= EXERCISE DATA =
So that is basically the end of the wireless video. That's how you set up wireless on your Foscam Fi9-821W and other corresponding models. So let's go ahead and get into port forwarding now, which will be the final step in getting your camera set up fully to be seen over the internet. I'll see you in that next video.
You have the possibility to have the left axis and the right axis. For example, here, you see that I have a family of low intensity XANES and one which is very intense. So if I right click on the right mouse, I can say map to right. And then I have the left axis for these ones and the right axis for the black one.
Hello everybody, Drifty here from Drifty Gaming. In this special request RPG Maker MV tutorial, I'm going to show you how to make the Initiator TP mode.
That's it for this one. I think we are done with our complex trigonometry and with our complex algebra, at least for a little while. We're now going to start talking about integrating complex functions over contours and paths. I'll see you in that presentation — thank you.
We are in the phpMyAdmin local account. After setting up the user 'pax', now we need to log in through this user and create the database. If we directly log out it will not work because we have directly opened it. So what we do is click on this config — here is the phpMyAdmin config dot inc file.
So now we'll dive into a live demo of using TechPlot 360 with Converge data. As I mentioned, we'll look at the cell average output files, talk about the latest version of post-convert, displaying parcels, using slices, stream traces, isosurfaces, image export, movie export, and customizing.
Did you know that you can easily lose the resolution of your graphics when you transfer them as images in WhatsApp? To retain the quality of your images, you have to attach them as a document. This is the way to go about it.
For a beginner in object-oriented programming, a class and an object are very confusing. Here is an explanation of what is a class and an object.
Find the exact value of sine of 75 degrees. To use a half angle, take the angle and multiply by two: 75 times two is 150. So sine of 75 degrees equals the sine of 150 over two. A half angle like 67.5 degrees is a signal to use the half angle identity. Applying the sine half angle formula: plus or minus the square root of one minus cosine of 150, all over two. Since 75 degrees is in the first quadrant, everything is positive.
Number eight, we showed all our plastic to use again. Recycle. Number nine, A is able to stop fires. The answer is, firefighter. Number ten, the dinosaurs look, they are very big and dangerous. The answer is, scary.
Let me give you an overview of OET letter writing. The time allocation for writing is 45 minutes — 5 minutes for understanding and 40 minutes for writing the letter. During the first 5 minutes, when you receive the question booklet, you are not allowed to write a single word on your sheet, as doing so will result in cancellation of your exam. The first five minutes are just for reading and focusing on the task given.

= EXERCISE =
Retype only this range exactly: the first line of the data through the line where "So now we'll" appears.

= RESULT =
So that is basically the end of the wireless video. That's how you set up wireless on your Foscam Fi9-821W and other corresponding models. So let's go ahead and get into port forwarding now, which will be the final step in getting your camera set up fully to be seen over the internet. I'll see you in that next video.
You have the possibility to have the left axis and the right axis. For example, here, you see that I have a family of low intensity XANES and one which is very intense. So if I right click on the right mouse, I can say map to right. And then I have the left axis for these ones and the right axis for the black one.
Hello everybody, Drifty here from Drifty Gaming. In this special request RPG Maker MV tutorial, I'm going to show you how to make the Initiator TP mode.
That's it for this one. I think we are done with our complex trigonometry and with our complex algebra, at least for a little while. We're now going to start talking about integrating complex functions over contours and paths. I'll see you in that presentation — thank you.
We are in the phpMyAdmin local account. After setting up the user 'pax', now we need to log in through this user and create the database. If we directly log out it will not work because we have directly opened it. So what we do is click on this config — here is the phpMyAdmin config dot inc file.
So now we'll dive into a live demo of using TechPlot 360 with Converge data. As I mentioned, we'll look at the cell average output files, talk about the latest version of post-convert, displaying parcels, using slices, stream traces, isosurfaces, image export, movie export, and customizing.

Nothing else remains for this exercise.